Quelles sont les démarches à mener lors d’un déménagement pour vos finances ?

Vous avez aménagé dans un nouveau logement. Vous avez résilié certains contrats de fournitures de services et conservé quelques-uns. Mais ce n’est pas tout. Il faudra aussi penser à l’administration fiscale. En effet, afin de permettre aux services fiscaux de continuer à vous faire parvenir votre avis d’imposition tous les ans, vous devez leur notifier votre nouvelle adresse après votre déménagement. Très simple et facile, cette procédure peut se réaliser en ligne. Et puisque vous avez l’air d’être intéressé par la question, nous passerons en revue les démarches à effectuer auprès de l’administration fiscale en cas de déménagement et les implications des déménagements sur votre situation fiscale.

Comment déclarer votre changement d’adresse au fisc ?

Si quelques années plus tôt, il fallait s’astreindre à des démarches administratives très longues et fastidieuses pour déménager, la digitalisation a rendu le changement d’adresse très simple. En effet, il est possible de changer votre adresse et vos coordonnées en ligne, en vous rendant sur votre espace particulier sur le site impots.gouv.fr. Dès que vous le faites, la Direction Générale des Finances Publiques est automatiquement prévenue. C’est plutôt pratique.

Il est aussi possible d’effectuer le changement d’adresse en envoyant un courrier postal ou un message électronique au Centre des Finances Publiques auquel vous étiez rattaché le 1er janvier de l’année de votre déménagement.

Par ailleurs, si votre déménagement a eu lieu avant la déclaration de vos revenus, vous pouvez toujours changer votre adresse lors du remplissage de la fiche de déclaration de revenus (version papier ou en ligne). Il suffira d’inscrire votre nouvelle adresse dans la section « Adresse au 1er janvier N » et elle sera transmise à votre ancien Centre des Finances Publiques.

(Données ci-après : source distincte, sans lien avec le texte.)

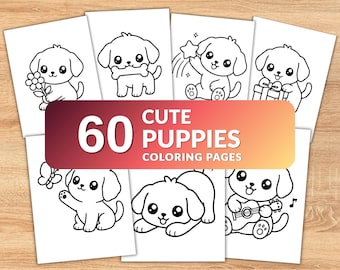60 Cute Puppies Coloring Pages for Kids, Kawaii Puppy Coloring Book, Easy Toddler Coloring Sheets, Printable PDF PNG, Preschool Activity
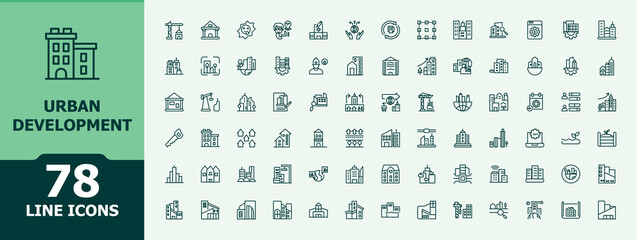 Set of Urban Development line icon. Featuring construction, downtown, estate, urban, architecture, cityscape, residential and more. Collection for mobile and web apps. Minimalist city icon. © icogrid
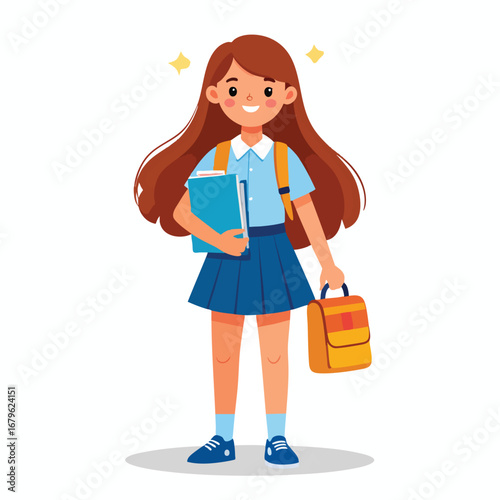 Happy schoolgirl ready for class, carrying books and backpack.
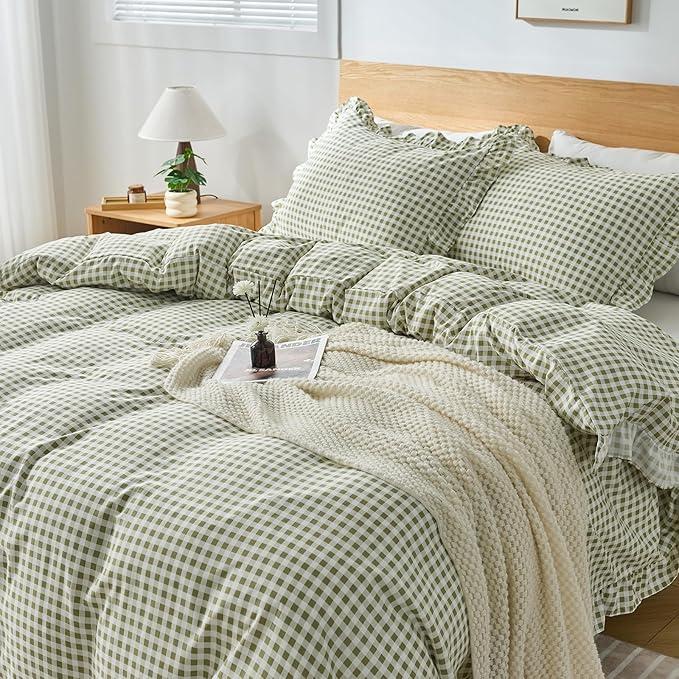 kisswish Gingham Duvet Cover Queen Size, 3 Pieces Soft Breathable Microfiber Plaid Comforter Cover with Zipper Closure & 2 Pillow Shams, Ruffle Farmhouse Vintage Decor, Sage Green
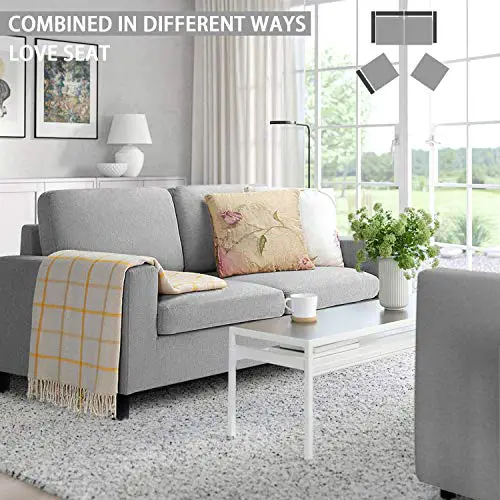 Pukami Convertible Sectional Tiny Sofa Couch For Living Room Reversible Chaise With Modern Linen Fabric L Shaped 3 Seat Sofa Couch With Ottoman For Small Space Apartmentdormjuvenile Light Gray 0 2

Quel est l’impact de votre déménagement sur le montant de votre impôt ?

 

Si votre déménagement reste sans incidence sur le montant de vos impôts sur le revenu, il n’en sera pas de même pour les impôts locaux que vous devrez payer aux collectivités locales du lieu de votre résidence au 1er janvier de l’année en cours.

Si vous déménagez en cours d’année, la taxe d’habitation et la taxe foncière qui vous seront envoyées seront calculées en référence à votre ancien logement. De plus, il n’y aura pas de calcul au prorata, sauf dans le cas des ventes où le principe du prorata s’applique à la taxe foncière.

En d’autres termes, il ne sera donc pas question de calculer ces taxes en fonction du nombre de mois durant lequel vous êtes resté dans votre ancien logement et d’attribuer le reste à celui qui a occupé le logement après vous au cours de l’année.

 

Quel montant pourriez-vous payer dans votre nouveau logement au titre des impôts locaux ?

 

Pour éviter de vous faire surprendre, il est recommandé de se renseigner sur le montant des impôts locaux dans votre nouvelle commune car les communes fixent les taux d’imposition en fonction de la zone dans laquelle vous avez choisi résider.

La valeur intrinsèque du logement influencera également la valeur des impôts locaux à payer. A titre illustratif, l’occupant d’un studio ne paiera pas le même montant que l’occupant d’une maison de 200 m².

Pour avoir une idée du montant approximatif que vous aurez à payer, vous pouvez par exemple demander à l’ancien occupant de votre logement de vous faire voir ses derniers avis d’imposition relatifs aux impôts locaux.

 

Que faire si l’administration fiscale vous oublie ?

 

Bien que vous lui ayez notifié votre nouvelle adresse, il arrive parfois que l’administration fiscale vous oublie et ne vous envoie pas d’avis d’imposition après votre déménagement. Ne prenez surtout pas cela comme un coup de chance. Si un tel cas se présente, contactez l’administration fiscale afin de signaler cet oubli, parce que dans tous les cas, un impôt dû est un impôt à payer.

Si vous ne signalez pas ces cas d’oubli à temps, vous pourriez être sommé de payer tous vos arriérés d’un seul coup, quand l’administration fiscale se serait rendu compte de son erreur. Et dans ce cas, payer une grosse somme peut être plus pénible.

Toutefois, le livre des procédures fiscales prohibe la réclamation d’arriérés de plus de 2 ans. Alors si l’administration fiscale vous exigeait de payer des arriérés sur une durée supérieure à 2 ans, vous êtes en droit de vous opposer à ce paiement.